Let $I \neq \emptyset, (X_i \neq \emptyset, \mathcal{T}_i)_{i \in I}$ be a family topological spaces.. Choose (using AC) an element $(x_i)_{i \in I} \in \prod_{i \in I} X_i \neq \emptyset$
Define for a fixed $k \in I$ the function $f_k: X_k \to X_k: z \mapsto z$ and for $i \in I \setminus\{k\}$ the function $f_i: X_k \to X_i: z \mapsto x_i$
I'm following a proof, and I don't understand a step.
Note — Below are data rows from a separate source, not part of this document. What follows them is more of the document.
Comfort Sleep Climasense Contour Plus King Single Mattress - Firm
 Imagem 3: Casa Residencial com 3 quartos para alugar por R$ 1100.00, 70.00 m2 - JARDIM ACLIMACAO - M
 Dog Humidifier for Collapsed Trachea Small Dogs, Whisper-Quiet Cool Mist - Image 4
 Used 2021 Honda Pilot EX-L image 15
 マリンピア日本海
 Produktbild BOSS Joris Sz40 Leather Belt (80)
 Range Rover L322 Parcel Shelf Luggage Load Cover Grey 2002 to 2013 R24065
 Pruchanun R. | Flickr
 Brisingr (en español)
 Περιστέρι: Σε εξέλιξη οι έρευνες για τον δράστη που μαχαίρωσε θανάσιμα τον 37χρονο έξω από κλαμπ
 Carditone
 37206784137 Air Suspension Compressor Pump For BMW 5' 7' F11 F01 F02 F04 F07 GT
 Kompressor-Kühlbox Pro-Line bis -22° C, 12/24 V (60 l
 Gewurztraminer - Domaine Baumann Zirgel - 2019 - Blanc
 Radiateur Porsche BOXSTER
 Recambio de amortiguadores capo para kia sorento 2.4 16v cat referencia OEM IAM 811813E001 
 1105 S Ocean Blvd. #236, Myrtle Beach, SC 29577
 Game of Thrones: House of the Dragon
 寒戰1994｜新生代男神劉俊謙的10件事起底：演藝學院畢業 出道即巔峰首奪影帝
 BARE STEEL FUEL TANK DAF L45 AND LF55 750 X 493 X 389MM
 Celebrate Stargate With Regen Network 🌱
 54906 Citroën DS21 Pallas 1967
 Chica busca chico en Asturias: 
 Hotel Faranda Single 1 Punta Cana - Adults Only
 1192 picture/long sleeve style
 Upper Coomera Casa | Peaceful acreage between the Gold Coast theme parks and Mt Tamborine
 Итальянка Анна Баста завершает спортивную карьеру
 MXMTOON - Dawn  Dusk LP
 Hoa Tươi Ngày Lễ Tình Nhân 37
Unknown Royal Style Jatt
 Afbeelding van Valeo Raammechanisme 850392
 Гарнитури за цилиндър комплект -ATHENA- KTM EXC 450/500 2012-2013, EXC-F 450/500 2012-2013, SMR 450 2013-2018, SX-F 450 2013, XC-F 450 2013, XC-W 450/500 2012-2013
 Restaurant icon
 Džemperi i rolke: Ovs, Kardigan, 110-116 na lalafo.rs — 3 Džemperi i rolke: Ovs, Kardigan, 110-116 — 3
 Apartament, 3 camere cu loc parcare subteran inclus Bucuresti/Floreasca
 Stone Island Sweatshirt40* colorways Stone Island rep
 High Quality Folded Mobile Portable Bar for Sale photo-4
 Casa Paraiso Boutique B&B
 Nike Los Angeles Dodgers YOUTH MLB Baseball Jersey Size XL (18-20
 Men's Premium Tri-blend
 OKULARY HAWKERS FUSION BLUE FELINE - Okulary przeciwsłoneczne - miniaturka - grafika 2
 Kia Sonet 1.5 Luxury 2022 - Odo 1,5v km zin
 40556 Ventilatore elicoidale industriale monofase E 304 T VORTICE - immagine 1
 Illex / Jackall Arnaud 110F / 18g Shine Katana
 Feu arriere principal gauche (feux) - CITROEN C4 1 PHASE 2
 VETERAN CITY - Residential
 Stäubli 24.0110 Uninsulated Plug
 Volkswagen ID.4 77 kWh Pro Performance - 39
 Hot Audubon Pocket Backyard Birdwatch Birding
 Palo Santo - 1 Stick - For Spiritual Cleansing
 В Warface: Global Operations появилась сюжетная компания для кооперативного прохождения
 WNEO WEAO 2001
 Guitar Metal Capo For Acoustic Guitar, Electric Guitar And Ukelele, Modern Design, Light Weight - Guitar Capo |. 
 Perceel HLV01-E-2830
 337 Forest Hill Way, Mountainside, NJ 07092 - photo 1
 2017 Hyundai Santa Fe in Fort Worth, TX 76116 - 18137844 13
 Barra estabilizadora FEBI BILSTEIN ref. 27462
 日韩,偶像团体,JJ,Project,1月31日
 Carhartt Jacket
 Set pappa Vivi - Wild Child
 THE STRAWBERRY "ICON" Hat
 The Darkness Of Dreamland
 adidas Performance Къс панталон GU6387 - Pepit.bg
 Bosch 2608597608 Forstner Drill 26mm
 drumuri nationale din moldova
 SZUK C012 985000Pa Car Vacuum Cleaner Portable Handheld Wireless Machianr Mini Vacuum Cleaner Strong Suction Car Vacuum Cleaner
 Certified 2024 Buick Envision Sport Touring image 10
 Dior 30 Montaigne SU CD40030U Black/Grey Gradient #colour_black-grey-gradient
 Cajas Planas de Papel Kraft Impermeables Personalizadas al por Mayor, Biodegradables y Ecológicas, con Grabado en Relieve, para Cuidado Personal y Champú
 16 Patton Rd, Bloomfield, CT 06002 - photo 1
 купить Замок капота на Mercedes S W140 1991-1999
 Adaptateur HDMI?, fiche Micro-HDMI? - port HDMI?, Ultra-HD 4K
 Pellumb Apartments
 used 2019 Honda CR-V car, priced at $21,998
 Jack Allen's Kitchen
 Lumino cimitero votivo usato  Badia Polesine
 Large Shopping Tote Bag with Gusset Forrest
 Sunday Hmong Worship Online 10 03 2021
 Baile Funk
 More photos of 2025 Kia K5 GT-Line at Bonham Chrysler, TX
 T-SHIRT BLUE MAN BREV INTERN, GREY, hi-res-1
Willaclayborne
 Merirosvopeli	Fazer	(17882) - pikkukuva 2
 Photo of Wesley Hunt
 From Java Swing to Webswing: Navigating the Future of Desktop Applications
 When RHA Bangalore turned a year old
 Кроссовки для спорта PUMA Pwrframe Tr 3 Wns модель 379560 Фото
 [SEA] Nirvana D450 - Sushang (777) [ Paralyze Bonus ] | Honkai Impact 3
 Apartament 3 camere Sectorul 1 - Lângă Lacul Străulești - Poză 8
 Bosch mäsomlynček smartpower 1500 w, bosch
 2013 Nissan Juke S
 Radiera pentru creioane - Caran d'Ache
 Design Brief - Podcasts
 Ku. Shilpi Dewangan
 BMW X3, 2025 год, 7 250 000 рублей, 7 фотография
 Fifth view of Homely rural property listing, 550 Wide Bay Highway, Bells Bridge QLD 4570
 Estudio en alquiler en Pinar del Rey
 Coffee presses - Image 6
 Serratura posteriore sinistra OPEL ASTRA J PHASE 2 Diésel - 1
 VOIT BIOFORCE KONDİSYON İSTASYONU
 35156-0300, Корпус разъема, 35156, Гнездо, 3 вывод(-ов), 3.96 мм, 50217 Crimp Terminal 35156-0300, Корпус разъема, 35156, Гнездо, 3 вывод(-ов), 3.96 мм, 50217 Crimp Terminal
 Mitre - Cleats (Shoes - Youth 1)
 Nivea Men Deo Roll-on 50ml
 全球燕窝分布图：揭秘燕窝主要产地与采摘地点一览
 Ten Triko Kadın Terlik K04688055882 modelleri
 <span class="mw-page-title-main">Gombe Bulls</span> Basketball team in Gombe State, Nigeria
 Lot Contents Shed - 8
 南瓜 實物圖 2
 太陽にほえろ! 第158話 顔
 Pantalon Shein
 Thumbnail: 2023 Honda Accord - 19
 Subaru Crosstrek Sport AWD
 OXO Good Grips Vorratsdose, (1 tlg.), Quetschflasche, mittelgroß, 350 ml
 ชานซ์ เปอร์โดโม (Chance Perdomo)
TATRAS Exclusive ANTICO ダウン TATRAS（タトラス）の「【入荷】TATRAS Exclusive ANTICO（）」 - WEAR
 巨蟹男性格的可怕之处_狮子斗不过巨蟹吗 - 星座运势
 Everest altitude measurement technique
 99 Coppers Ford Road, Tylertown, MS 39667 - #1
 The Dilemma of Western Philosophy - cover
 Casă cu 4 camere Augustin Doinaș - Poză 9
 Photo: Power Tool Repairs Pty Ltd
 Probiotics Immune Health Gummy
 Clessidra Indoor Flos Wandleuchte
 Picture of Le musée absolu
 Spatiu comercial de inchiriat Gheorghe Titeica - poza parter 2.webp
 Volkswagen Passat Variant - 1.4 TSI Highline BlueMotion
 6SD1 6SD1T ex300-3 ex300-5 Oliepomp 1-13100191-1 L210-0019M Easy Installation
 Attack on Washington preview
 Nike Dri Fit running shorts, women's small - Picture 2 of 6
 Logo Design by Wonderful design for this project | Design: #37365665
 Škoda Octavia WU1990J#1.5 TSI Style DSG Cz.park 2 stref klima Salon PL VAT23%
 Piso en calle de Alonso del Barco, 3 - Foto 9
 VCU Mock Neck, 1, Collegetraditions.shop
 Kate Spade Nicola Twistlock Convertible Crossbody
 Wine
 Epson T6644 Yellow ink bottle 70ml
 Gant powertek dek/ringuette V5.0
The step will be solved once I can prove that
$$\prod_{i \in I} f_i: (X_k,\mathcal{T}_k) \to \left(\prod_{i \in I}X_i, \prod_{i \in I}\mathcal{T}_i\right): y \mapsto (f_i(y))_{i \in I} $$
is continuous (but it is possible that this is wrong).
Since $\{\operatorname{pr}_i(B_i) \mid i \in I, B_i \in \mathcal{T}_i\}$ is a subbasis for the product topology, it suffices to show that $$\left(\prod_{i \in I}f_i \right)^{-1}(B_i) \in \mathcal{T_k}$$ for $B_i \in\mathcal{T_i}$, but I failed to prove this.
Is the statement true? And if so, why?
Let $\pi_j:\prod X_i\to X_j$ be the canonical projection. By the universal property of the product topology your $\prod f_i$ function is continuous if and only if $\pi_j\circ \prod f_i$ is continuous for each $j$.
But note that $\pi_j\circ \prod f_i=f_j$ is obviously continuous.